Alle 8 di domenica mattina – vestiti come scappati di casa – facevamo un trionfale ingresso nell’hotel di lusso e, con passo sicuro, salivamo – rigorosamente con la scala mobile – al piano del ristorante. “C’è pure un bellissimo bagno, nel caso…” ha notato il grande.
Perché, subito dopo il cibo, altri bisogni primari meno nobili, misura della salute fisica e talvolta mentale del viaggiatore, dominano le nostre conversazioni cubane, soprattutto dopo l’avventura ospedaliera.
Ci siamo accomodati a un tavolo con vista mare. Abbiamo riempito i nostri piatti di croissant, formaggi, salumi, salmone, pane di ogni tipo, burro in quantità, frutta fresca e secca, cereali, pancake, ciambelline, uova, yogurt e di nuovo e di nuovo ancora, a ricominciare il giro, perché per i baresi il buffet è un lavoro e va fatto per bene.
“Io qui mi sento potente” ha dichiarato Sneddu mentre banchettava.
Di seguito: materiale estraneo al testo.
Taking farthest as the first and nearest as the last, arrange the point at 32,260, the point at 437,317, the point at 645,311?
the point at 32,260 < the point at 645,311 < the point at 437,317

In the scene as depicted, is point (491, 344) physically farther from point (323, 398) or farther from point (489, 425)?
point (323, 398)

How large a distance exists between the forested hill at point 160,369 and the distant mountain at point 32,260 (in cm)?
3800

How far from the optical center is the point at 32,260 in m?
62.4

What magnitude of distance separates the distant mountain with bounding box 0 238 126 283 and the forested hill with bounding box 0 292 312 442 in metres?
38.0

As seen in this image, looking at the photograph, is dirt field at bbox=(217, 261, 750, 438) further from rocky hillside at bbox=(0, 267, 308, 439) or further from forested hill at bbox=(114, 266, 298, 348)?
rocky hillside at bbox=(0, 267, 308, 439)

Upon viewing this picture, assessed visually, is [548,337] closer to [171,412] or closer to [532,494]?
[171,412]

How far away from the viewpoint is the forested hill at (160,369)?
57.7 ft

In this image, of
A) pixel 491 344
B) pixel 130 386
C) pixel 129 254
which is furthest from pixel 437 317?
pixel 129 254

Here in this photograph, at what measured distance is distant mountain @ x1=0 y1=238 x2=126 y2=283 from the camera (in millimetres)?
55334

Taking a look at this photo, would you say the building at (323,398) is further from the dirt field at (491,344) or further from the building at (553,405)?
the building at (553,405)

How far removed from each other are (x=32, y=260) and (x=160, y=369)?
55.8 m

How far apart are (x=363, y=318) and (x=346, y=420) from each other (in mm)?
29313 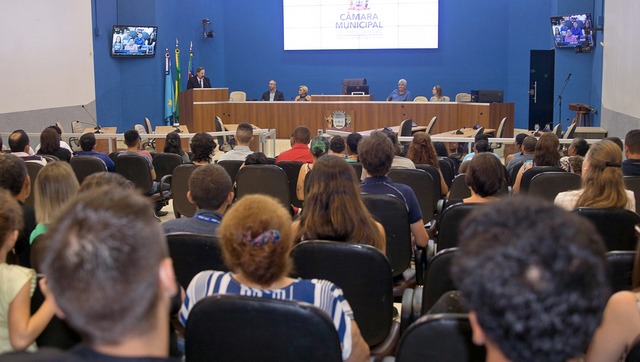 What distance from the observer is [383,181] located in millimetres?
3959

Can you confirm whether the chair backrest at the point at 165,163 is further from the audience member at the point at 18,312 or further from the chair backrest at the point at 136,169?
the audience member at the point at 18,312

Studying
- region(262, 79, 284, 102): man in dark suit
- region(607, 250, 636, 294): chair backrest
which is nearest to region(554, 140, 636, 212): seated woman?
region(607, 250, 636, 294): chair backrest

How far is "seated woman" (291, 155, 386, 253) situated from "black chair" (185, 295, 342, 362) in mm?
1097

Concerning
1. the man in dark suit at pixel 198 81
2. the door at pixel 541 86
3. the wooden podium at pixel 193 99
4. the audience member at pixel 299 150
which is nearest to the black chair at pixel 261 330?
the audience member at pixel 299 150

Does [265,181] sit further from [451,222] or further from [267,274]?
[267,274]

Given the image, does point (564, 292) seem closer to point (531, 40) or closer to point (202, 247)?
point (202, 247)

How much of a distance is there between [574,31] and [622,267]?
451 inches

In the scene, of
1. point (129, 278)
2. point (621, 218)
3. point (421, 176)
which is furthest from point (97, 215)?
point (421, 176)

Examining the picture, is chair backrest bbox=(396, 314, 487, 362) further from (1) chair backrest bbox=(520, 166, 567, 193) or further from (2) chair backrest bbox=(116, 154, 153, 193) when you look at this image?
(2) chair backrest bbox=(116, 154, 153, 193)

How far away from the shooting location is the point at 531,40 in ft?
49.8

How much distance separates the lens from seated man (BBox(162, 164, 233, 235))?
10.2 feet

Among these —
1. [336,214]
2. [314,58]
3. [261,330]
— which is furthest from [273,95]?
[261,330]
Il grande a un certo punto si è alzato ed è corso all’altro capo della sala per abbracciare un cameriere. Si sono salutati con l’entusiasmo e l’affetto dei migliori amici, tenendosi stretti e dandosi grande pacche sulle spalle. “Scusa ma chi è?” ho chiesto, mentre l’amico fraterno in divisa dell’hotel omaggiava il grande di alcuni volumi di psicologia tirati fuori da sotto un tavolo.
Succedono cose strane a Cuba. Non tutte hanno spiegazioni logiche.
Ho costretto Mister I a fare una foto insieme, da mandare ai nonni.